[Data section]

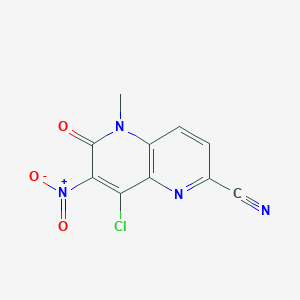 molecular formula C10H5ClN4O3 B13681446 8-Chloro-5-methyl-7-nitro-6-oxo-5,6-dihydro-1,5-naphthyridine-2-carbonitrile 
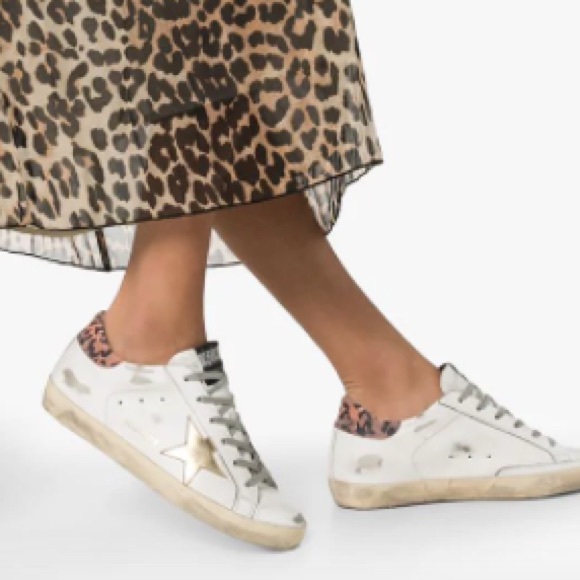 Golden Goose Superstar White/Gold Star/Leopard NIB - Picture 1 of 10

[/Data section]
[Data section]

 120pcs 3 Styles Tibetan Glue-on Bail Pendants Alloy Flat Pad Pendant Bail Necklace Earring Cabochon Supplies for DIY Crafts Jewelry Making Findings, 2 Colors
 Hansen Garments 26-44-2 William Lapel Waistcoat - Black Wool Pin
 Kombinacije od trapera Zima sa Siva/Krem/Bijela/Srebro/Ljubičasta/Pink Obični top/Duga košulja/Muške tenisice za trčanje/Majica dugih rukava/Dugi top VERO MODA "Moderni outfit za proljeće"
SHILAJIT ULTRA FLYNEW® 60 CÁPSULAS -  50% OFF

[/Data section]

◆ Assigned task
Of the entries above, repeat exactly the lines between the line with "120pcs 3 Styles" and the line with "SHILAJIT ULTRA FLYNEW®", inclusive, and no others.

◆ Result for this exercise
 120pcs 3 Styles Tibetan Glue-on Bail Pendants Alloy Flat Pad Pendant Bail Necklace Earring Cabochon Supplies for DIY Crafts Jewelry Making Findings, 2 Colors
 Hansen Garments 26-44-2 William Lapel Waistcoat - Black Wool Pin
 Kombinacije od trapera Zima sa Siva/Krem/Bijela/Srebro/Ljubičasta/Pink Obični top/Duga košulja/Muške tenisice za trčanje/Majica dugih rukava/Dugi top VERO MODA "Moderni outfit za proljeće"
SHILAJIT ULTRA FLYNEW® 60 CÁPSULAS -  50% OFF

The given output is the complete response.